*Prompt:* Only the number is needed: count the lines below that hold the string "This".

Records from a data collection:
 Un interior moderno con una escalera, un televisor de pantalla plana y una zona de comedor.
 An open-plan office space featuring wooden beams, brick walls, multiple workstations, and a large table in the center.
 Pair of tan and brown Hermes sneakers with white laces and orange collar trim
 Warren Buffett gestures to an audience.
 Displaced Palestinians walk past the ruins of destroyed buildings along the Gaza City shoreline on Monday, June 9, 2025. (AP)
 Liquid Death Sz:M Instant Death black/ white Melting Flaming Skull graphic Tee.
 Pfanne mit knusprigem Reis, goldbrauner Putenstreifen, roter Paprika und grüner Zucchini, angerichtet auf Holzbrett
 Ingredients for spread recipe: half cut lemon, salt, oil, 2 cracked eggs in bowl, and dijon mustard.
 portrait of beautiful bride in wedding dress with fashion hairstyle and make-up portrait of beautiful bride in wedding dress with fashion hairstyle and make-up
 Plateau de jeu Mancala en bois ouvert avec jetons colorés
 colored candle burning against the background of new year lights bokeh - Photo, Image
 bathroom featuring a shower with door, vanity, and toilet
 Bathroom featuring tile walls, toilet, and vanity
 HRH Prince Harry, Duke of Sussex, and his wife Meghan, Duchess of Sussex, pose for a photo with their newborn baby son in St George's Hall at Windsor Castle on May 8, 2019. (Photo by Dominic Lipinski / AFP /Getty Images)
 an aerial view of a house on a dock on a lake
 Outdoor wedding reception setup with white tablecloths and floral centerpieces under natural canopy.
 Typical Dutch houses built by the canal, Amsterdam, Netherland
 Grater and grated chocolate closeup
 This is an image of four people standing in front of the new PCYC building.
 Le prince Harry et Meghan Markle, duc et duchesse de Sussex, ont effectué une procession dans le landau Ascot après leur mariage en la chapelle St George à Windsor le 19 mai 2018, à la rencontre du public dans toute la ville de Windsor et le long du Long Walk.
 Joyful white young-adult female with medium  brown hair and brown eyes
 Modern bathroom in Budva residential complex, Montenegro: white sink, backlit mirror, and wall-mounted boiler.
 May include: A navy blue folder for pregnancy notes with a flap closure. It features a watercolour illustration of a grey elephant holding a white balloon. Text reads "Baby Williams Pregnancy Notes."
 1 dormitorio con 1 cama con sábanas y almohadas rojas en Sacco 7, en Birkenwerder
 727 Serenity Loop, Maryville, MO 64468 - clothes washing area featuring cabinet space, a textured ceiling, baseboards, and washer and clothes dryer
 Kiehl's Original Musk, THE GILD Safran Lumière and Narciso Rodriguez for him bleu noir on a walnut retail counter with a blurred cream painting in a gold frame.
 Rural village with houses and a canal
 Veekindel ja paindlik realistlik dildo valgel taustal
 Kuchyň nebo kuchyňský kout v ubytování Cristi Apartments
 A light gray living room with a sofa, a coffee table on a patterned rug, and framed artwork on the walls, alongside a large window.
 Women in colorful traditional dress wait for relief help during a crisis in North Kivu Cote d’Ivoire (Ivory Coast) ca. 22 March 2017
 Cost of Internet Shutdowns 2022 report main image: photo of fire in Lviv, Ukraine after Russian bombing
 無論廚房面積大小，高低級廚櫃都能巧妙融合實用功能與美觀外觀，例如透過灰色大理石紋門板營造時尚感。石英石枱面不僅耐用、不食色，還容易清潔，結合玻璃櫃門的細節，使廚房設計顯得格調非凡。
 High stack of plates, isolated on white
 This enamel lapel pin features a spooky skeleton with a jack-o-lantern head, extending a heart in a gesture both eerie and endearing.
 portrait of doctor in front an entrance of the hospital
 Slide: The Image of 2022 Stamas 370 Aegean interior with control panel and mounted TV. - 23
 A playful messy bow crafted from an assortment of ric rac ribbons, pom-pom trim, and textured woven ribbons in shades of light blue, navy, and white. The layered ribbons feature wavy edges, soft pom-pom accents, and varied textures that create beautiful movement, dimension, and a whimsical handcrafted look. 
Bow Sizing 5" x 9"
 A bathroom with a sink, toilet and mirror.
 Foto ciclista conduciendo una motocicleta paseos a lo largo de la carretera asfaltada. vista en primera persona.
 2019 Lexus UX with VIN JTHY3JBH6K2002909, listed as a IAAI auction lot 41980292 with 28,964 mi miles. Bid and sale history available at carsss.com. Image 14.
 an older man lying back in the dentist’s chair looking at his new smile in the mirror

*Written answer:* 2